Dead and Rotting is one of those movies you’d stick on when you just want to have something on in the background. However, as it plays you might find yourself drawn in more then you expect. It’s no stone cold classic but it is better than you’d expect. Provided you can overlook the cheapness of it.
The story sees three men anger a local witch, so much so that she transforms herself into a beautiful woman. The plan? To seduce them, kill them and make them her slaves. Easy to do when her younger self is Debbie Rochon. A genre favourite, she is as awesome as always but credit also has to go to the witch-hag, Barbra Katz-Norrod who does well.
The trio of men who suffer the wrath of the witch are all competent even if their characters are a little too gross to get behind. The movie has a lot of sex in it but it’s hardly erotic when they’re taking turns to sleep with the delectable looking witch.
The small-town locale and well-paced script keeps Dead and Rotting ticking along nicely. It reminds me of Pumpkinhead because of the sleepy town story and the wrath of a witch. Unfortunately, it just doesn’t look as good.

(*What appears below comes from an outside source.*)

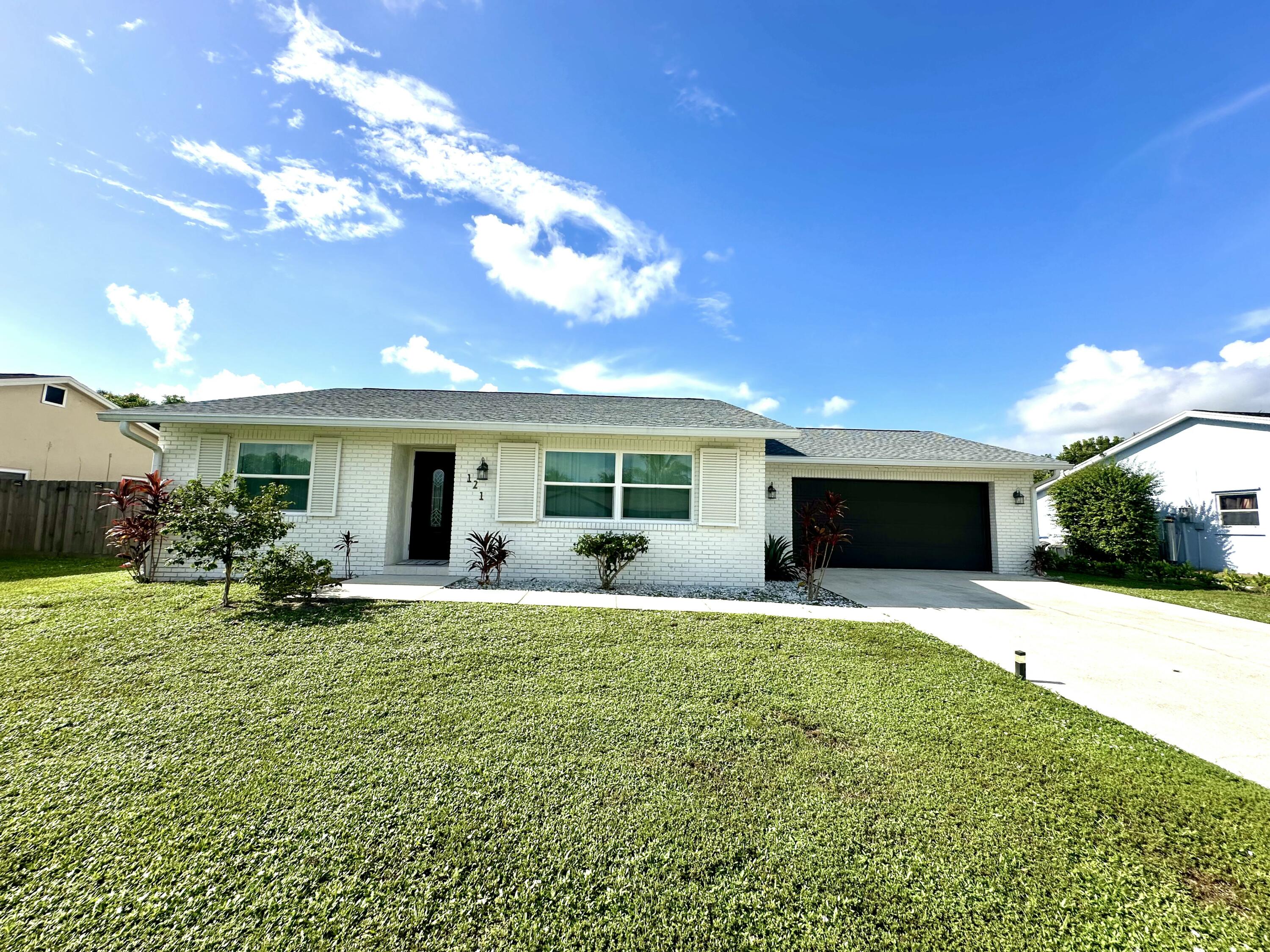 En Renta 121 EIDER Court, Royal Palm Beach, FL 33411, Royal Palm Beach, FL 33411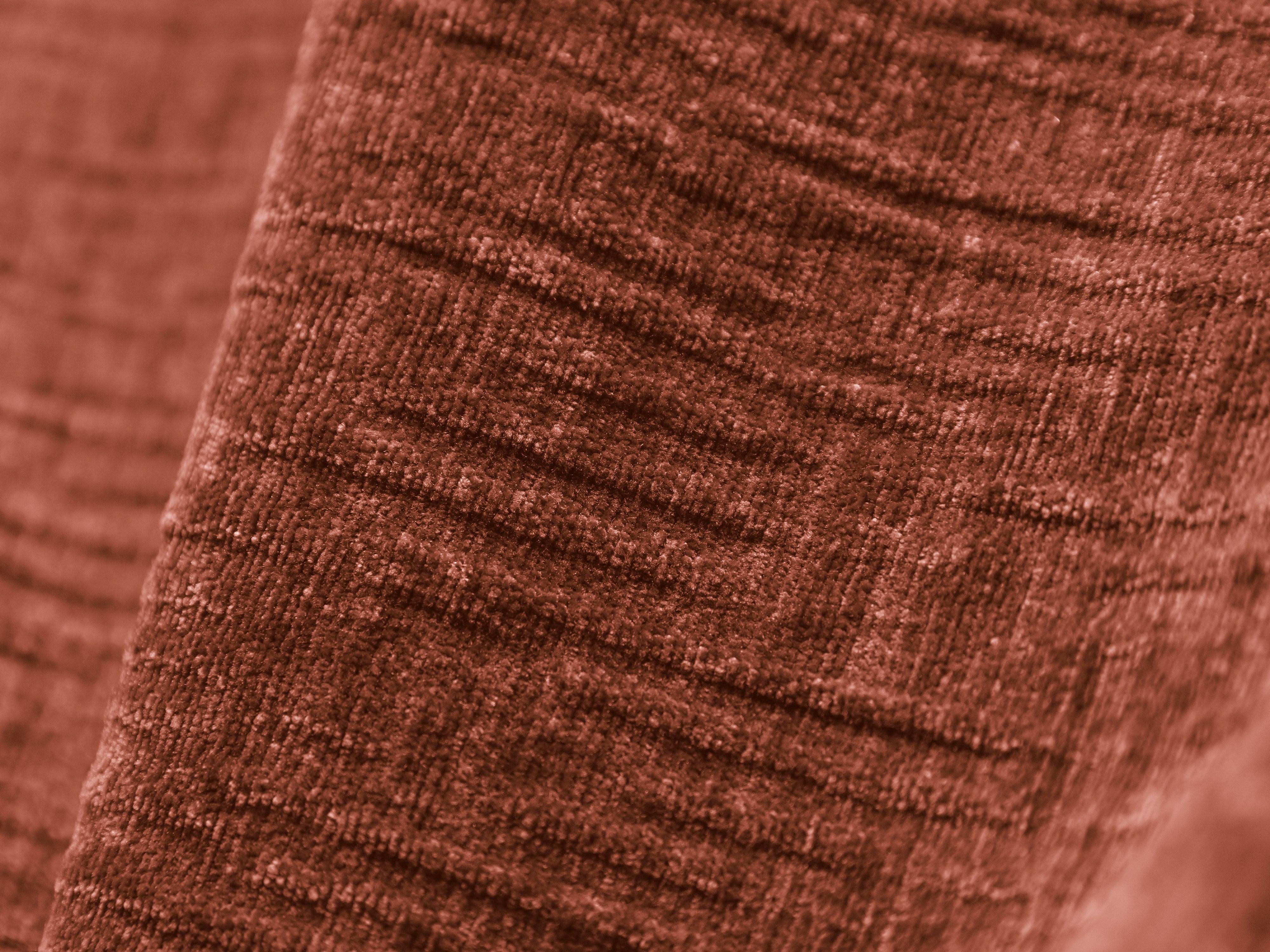 Narożnik w tkaninie szenilowej prawostronny 4-osobowy VANDA terracotta Mazzini Sofas Eye on Design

That is always going to the biggest takeaway from the movie, just how it looks like it was filmed on a damaged 90’s camcorder. It’s a shame because with a little more budget this could have been really good. It still manages to hold together though with some decent music and a set of creepy looking ghouls. The poem they recite is particularly effective.
If you’re looking for an entertaining low budget indie horror with plenty of Debbie Rochon then Dead and Rotting will provide.